Home

SCHRIFTELIJKE VRAAG E-1911/00 van Christine De Veyrac (PPE-DE) aan de Commissie. Uitwisselingsbeurzen.

SCHRIFTELIJKE VRAAG E-1911/00 van Christine De Veyrac (PPE-DE) aan de Commissie. Uitwisselingsbeurzen.

SCHRIFTELIJKE VRAAG E-1911/00

van Christine De Veyrac (PPE-DE) aan de Commissie

(16 juni 2000)

Betreft: Uitwisselingsbeurzen

Ik heb allerlei klachten ontvangen over de karige beurzen die in het kader van de Erasmus-actie van het Socrates-programma worden toegekend. Zou de Commissie om dit probleem te verhelpen niet kunnen bekijken of het mogelijk is bijvoorbeeld een Europese stichting op te richten op basis van een particulier/overheidspartnerschap om de mobiliteit onder jongeren in de Europese Unie te stimuleren?
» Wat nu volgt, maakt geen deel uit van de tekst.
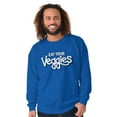 thumbnail image 5 of Eat Veggies Fun Message Vegetarian Sweatshirt for Men or Women Brisco Brands X, 5 of 6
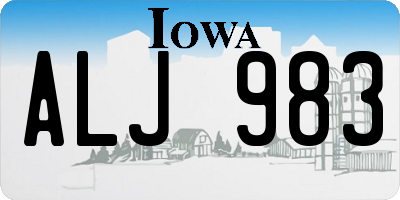 IA license plate ALJ983
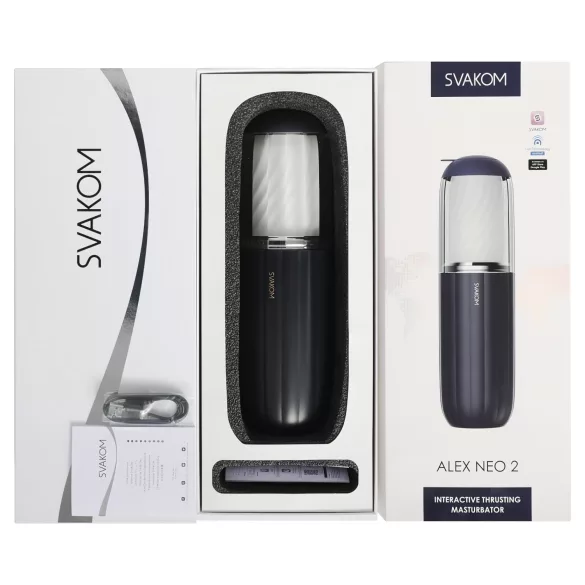 Svakom Alex Neo 2 - masturbator elektryczny z ruchem góra-dół - niebieski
Antwoord van mevrouw Reding namens de Commissie

(25 juli 2000)

Elk jaar neemt de vraag naar mobiliteit onder de studenten in het kader van Erasmus zeer sterk toe, terwijl het beschikbare budget voor de mobiliteitsbeurzen slechts langzaam groeit. De Commissie is zich bewust van de gevolgen van deze onevenwichtigheid op het niveau van de Erasmus-beurzen en de frustraties waartoe dit aanleiding kan geven. Zij zoekt tezamen met de verschillende betrokken partijen (nationale agentschappen Socrates/Erasmus, vertegenwoordigers van de academische wereld, studentenverenigingen) naar mogelijke oplossingen voor dit probleem.

Er zij echter op gewezen dat het doel van een Erasmus-beurs niet de dekking van alle kosten van de student tijdens zijn verblijf in het buitenland is, maar hem te helpen de extra kosten te dekken die dit verblijf veroorzaakt. Financiële steun uit andere bronnen dan de communautaire begroting is bijgevolg onontbeerlijk en in sommige aan Erasmus deelnemende landen worden aan de studenten extra financiële middelen (nationaal, regionaal, particulier) geboden. Dat blijkt duidelijk uit de enquête naar de sociaal-economische situatie van Erasmus-studenten, waarvan de resultaten op 18 januari 2000(1) aan het Parlement zijn toegezonden en die momenteel worden bestudeerd in de Commissie cultuur, jeugd, onderwijs, media en sport.

De enquête onderstreept in aanbeveling 20 de noodzaak van de aanboring van alternatieve bronnen van directe of indirecte financiering, zoals gereduceerde tarieven in het vervoer, fundraising bij het bedrijfsleven en plaatselijke overheden, of de totstandbrenging van een systeem voor leningen voor studenten op nationaal of Europees niveau ter dekking van de extra kosten die aan mobiliteit verbonden zijn. In verband met dit laatste punt is onlangs een haalbaarheidsstudie gestart.

(1) Verslag van de Commissie over de enquête naar de sociaal-economische situatie van Erasmus-studenten, COM(2000) 4 def.